DATA EXCERPTS:
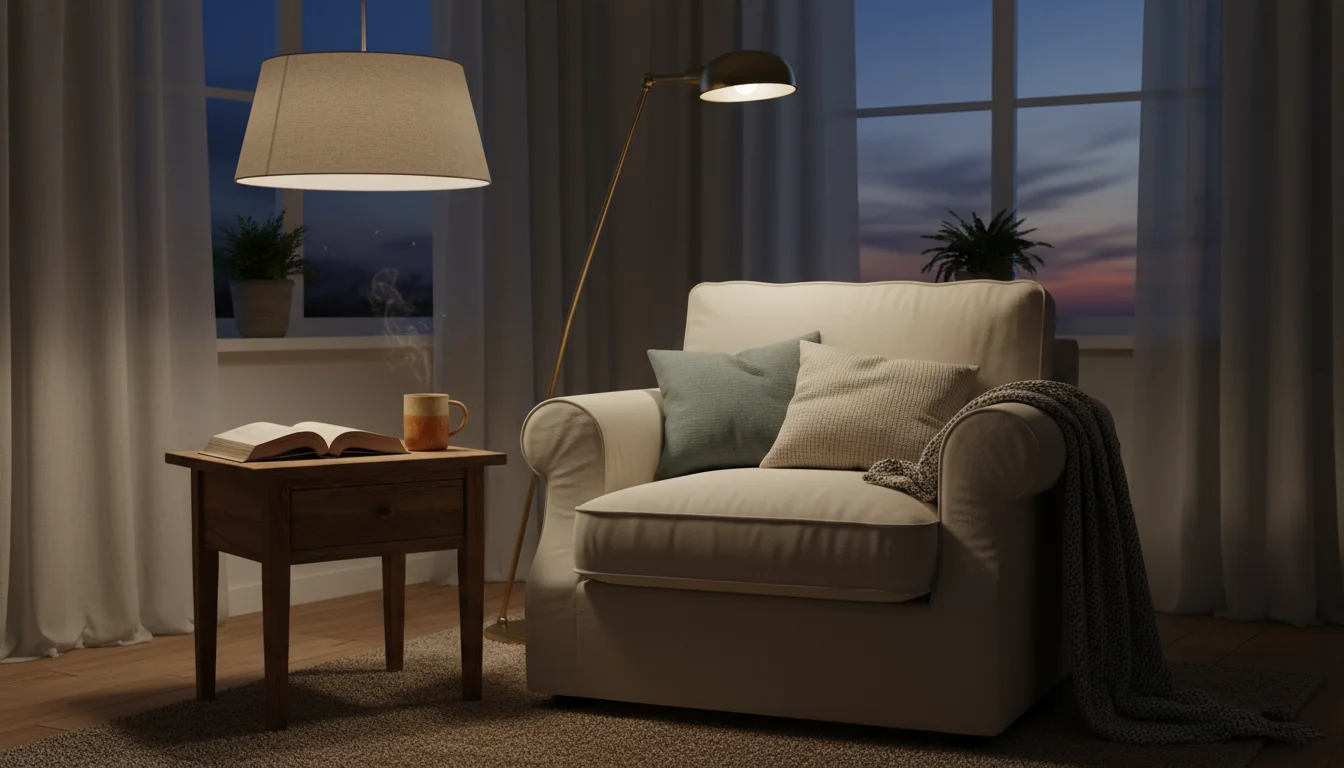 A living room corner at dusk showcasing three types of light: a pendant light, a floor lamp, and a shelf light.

==

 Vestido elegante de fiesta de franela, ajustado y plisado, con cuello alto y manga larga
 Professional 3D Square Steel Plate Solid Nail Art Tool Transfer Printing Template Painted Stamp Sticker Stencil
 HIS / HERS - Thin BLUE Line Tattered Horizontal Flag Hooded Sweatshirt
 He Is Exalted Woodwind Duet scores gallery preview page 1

EXERCISE PROMPT: Of the lines above, extract only those from the line with "Vestido elegante de" to the line with "He Is Exalted", both included, exactly as written.

SOLUTION TO THIS EXERCISE:
 Vestido elegante de fiesta de franela, ajustado y plisado, con cuello alto y manga larga
 Professional 3D Square Steel Plate Solid Nail Art Tool Transfer Printing Template Painted Stamp Sticker Stencil
 HIS / HERS - Thin BLUE Line Tattered Horizontal Flag Hooded Sweatshirt
 He Is Exalted Woodwind Duet scores gallery preview page 1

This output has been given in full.